Лев ТолстойНо отнюдь не одни итальянки занимали Мане во время путешествия. Где бы он ни был, он никогда не забывал – с карандашом или кистью в руке – вопрошать творения великих мастеров живописи: и тех, кто его восхищал, и тех, кого ценил меньше. «Станцы» Рафаэля в Ватикане, фрески Фра Анжелико в Сан-Марко, Гирландайо в церкви Санта-Мария Новелла – все привлекало его. Он провел два месяца во Флоренции и скопировал в музее Уффици «Голову юноши» Филиппино Липпи и «Венеру Урбинскую» Тициана.
Что обрел Мане в этом диалоге с великими мастерами? Прежде всего, конечно, знание, которым наделяют они всех тех, кто к ним обращается, но к тому же еще и опору, возвышенный пример. Более или менее сознательно – чаще менее, чем более, – Мане как бы добивался получить от этих мастеров право на собственное видение. Он просил их о поддержке, о помощи, о том, что придало бы ему уверенности. Он хотел соразмерить с ними свою индивидуальность. Однако он не жертвовал ради них ничем из того, что было только его достоянием. Его копии – это отнюдь не рабское повторение, но своего рода преображение оригинала стремительными и смелыми ударами кисти.

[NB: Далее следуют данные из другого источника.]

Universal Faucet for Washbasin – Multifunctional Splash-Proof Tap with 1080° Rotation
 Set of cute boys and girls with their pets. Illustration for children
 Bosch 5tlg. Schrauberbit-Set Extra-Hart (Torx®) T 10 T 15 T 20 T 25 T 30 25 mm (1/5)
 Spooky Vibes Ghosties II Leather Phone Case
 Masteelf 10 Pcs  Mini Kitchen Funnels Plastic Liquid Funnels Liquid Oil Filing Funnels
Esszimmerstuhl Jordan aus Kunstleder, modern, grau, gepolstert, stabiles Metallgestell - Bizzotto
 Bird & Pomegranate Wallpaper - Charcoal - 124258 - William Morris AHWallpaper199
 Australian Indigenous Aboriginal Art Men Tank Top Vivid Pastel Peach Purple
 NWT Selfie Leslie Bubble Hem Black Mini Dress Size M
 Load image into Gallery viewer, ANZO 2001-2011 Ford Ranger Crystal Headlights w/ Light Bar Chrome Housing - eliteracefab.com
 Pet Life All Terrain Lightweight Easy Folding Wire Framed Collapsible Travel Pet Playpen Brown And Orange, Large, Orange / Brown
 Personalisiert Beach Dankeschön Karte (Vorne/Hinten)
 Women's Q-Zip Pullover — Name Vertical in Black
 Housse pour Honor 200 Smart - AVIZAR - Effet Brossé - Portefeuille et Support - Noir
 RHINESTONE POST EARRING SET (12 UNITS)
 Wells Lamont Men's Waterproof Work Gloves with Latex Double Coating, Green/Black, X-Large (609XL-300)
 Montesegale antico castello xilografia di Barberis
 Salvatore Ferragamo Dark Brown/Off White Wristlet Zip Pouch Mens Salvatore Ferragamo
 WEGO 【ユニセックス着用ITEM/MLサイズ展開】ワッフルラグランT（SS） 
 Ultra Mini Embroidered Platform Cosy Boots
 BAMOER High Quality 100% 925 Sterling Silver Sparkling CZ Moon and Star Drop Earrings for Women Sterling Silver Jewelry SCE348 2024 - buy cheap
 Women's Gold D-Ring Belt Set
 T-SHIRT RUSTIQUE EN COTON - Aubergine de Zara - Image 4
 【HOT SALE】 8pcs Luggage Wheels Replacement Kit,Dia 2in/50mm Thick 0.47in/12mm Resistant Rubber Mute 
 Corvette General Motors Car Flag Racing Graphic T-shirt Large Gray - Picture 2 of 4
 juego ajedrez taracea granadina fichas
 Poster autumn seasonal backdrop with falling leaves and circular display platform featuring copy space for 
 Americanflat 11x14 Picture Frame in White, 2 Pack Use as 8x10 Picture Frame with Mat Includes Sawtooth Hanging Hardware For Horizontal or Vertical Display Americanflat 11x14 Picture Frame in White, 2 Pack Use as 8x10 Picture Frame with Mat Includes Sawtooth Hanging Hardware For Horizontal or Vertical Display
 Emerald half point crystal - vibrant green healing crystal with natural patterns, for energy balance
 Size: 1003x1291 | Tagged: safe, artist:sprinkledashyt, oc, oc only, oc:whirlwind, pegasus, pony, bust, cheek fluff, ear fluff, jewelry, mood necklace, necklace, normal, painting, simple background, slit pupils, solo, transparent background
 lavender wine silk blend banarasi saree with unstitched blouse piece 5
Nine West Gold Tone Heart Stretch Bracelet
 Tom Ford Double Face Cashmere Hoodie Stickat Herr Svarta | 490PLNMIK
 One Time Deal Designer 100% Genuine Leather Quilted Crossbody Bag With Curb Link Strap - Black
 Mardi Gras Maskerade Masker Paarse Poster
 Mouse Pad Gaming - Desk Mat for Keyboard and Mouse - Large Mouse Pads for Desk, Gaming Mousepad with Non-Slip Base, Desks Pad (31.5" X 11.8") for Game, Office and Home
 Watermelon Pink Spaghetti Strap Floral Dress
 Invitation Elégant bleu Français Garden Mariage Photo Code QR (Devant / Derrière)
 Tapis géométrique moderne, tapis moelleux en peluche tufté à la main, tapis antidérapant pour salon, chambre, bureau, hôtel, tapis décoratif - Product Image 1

Если бы эти копии увидел Кутюр, он бы их ни в коем случае не одобрил. В «Венере Урбинской» им был бы обнаружен подозрительный прозаизм: Венера стала у Мане скорее женщиной, чем богиней.
Мане никогда не помышляет о том, чтобы приспособиться к идеалу, приноровиться к условности. Жизнь влечет его на улицы, он хочет сравнить обычных женщин с прекрасными Венерами.
Он снова занял свое место в ателье Кутюра и сумел убедить одного из натурщиков, Жильбера, позировать в простой позе. И даже более – уговорил его не раздеваться до конца. Наконец-то ученики смогут писать натурщика, который держится и выглядит естественно.
Как назло, в это неположенное время в мастерскую пришел Кутюр. С ним Раффе. Изумленный тем, что натурщик одет, Кутюр поначалу не мог вымолвить слова, а потом взорвался: «Разве вы платите Жильберу не за то, что он раздевается донага? Кто придумал эту глупость?» – «Я», – ответил Мане. Тогда Кутюр с нарочитым сожалением заявил: «Что ж, мой бедный мальчик, тогда вам остается стать Домье своего времени – и никем больше».
Мане сдержался и промолчал. Между тем Раффе подошел поближе к его холсту, рассмотрел его и похвалил: похвалы эти были столь же приятны Мане, сколь оскорбительны замечания Кутюра. По дороге в закусочную некоего Павара на улице Нотр-Дам-де-Лоретт, где они обычно завтракают с Прустом, Мане на чем свет поносил Кутюра. «Домье своего времени! Во всяком случае, это куда лучше, чем быть Куапелем», – резюмировал он.
Вернувшись из Италии, Мане продолжает усердно копировать произведения старых мастеров. Он устанавливает свой мольберт в Лувре перед «Автопортретом» Тинторетто («один из самых прекрасных портретов в мире», – говорит он), перед «Юпитером и Антиопой», «Мадонной с кроликом» Тициана... К копиям относится предельно небрежно, раздает их направо и налево или попросту уничтожает53. Копия для него только повод вопрошать великих предшественников: то, что можно у них почерпнуть, необычайно важно.
Он из всего хочет извлечь уроки, он повсюду ищет совета. На следующий день после посещения Раффе Мане отправляется к нему в сопровождении Антонена Пруста, чтобы поблагодарить за добрые слова. Раффе ведет друзей в Лувр, потом в Люксембургский музей. Тут, возле «Ладьи Данте» Делакруа, у Мане возникает мысль, и он делится ею с Прустом тотчас же, как только Раффе уходит. «А что, если мы наведаемся к Делакруа?» Предлогом для визита может послужить просьба о разрешении копировать «Ладью».
Совершенно неожиданное предложение: Делакруа не относится к художникам, которые восхищают Мане; Мане, чуждый романтическим настроениям, ненавидящий в живописи движение, предпочитающий – и сейчас и ранее – сюжеты спокойные, очень далек от той динамики, лихорадочного возбуждения, потоков цвета, характерных для искусства Делакруа, слишком, на его собственный вкус, насыщенного, слишком взволнованного. Но Делакруа не просто возбуждает его любопытство, он почти пленяет. Да и мог ли он равнодушно пройти мимо этих виртуозных и нежнейших мазков, мимо этой поразительной живописной поэзии – она потрясает его вопреки собственным склонностям.